In celebration of Got to Be N.C. month we are featuring local farms and businesses and their products that are Grown. Raised. Caught. Made. here. This week we focus on Made, highlighting Norm’s Farms in Pittsboro.
Rodger Lenhardt, his wife Ann, and daughter Erin are elderberry farmers who use their crop plus the berries from other growers to make jellies, jams and extracts that are sold in about 60 retail locations in the state. “Our products are produced and distributed in North Carolina but only a small portion of our elderberry is grown here,” Lenhardt said. “We are hoping to change that by working with small farmers who are interested in growing elderberry for us.” Lenhardt sells nursery stock on his website to encourage farmers and homeowners to grow elderberry on their land. It takes about five or six years for an elderberry plant to reach full productivity.
D’vine Foods in Elizabethtown processes the jams, jellies and extracts for Norm’s Farms and then the products are stored at a warehouse in Raleigh. “It’s been a great relationship with them,” Lenhardt said. “They have even helped us with sourcing local blueberries and other commodities for our products. We introduced blueberry-elderberry preserves at the Taste of Charlotte show last month it was a big hit. I think it going to be a great seller.”
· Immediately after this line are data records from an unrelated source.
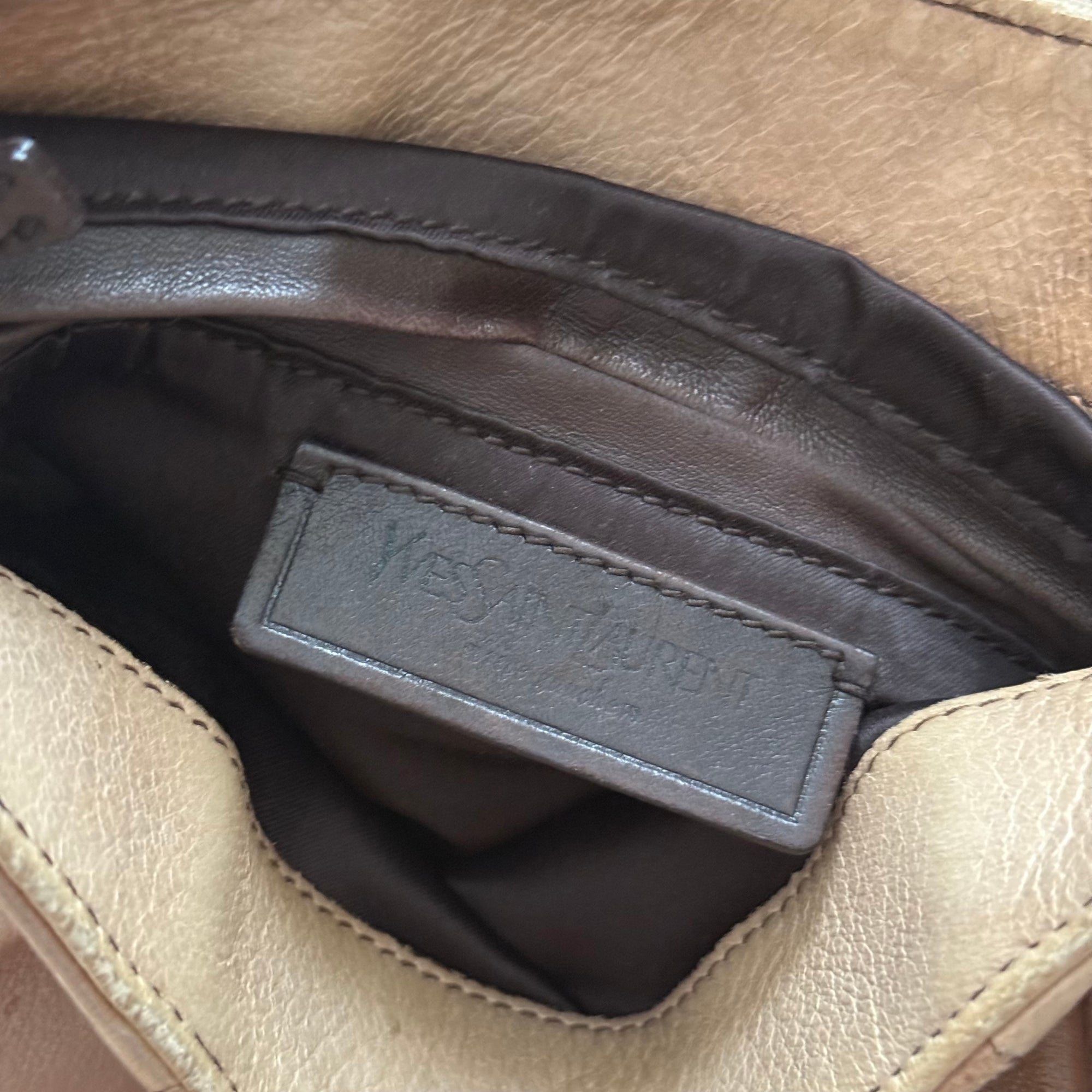 yves saint laurent 2000s brown shoulder bag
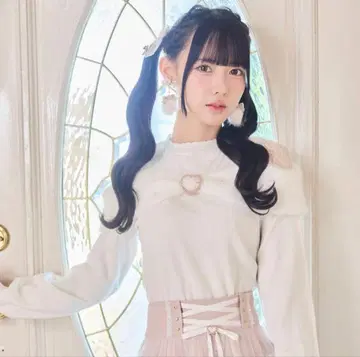 ROJITA 리본 디자인 니트탑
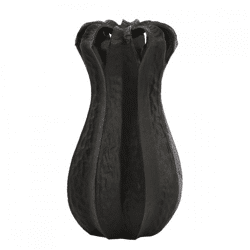 Light en Living vaas Abajo mat zwart 36 cm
Norm’s Farms is a frequent participator in shows and events hosted by the N.C. Department of Agriculture and Consumer Services. It was at one of these shows he met buyers from Whole Foods that offered him good advice. He was packaging his elderberry juice in barbecue sauce-style bottles. The problem was they didn’t fit on store shelves except for the very top or bottom, which isn’t an ideal place for selling. Also, calling his product a juice confused the consumer. “They weren’t sure if the product was a juice or a sauce, or how to use it,” Lenhardt said. He took the buyers’ advice and changed the shape and size of the bottle to one that fit on shelves easier, and changed the name of the product to extract instead of juice. “Extract actually is a better description of the product and its use,” he said. At the next Flavors Show, the regional buyer for Whole Foods placed an order that put Norm’s Farm’s Elderberry Extract and Elderberry Wellness Syrup in all 10 North Carolina stores. “We stay busy doing demos at these locations as well as other retail locations we are in,” Lenhardt added.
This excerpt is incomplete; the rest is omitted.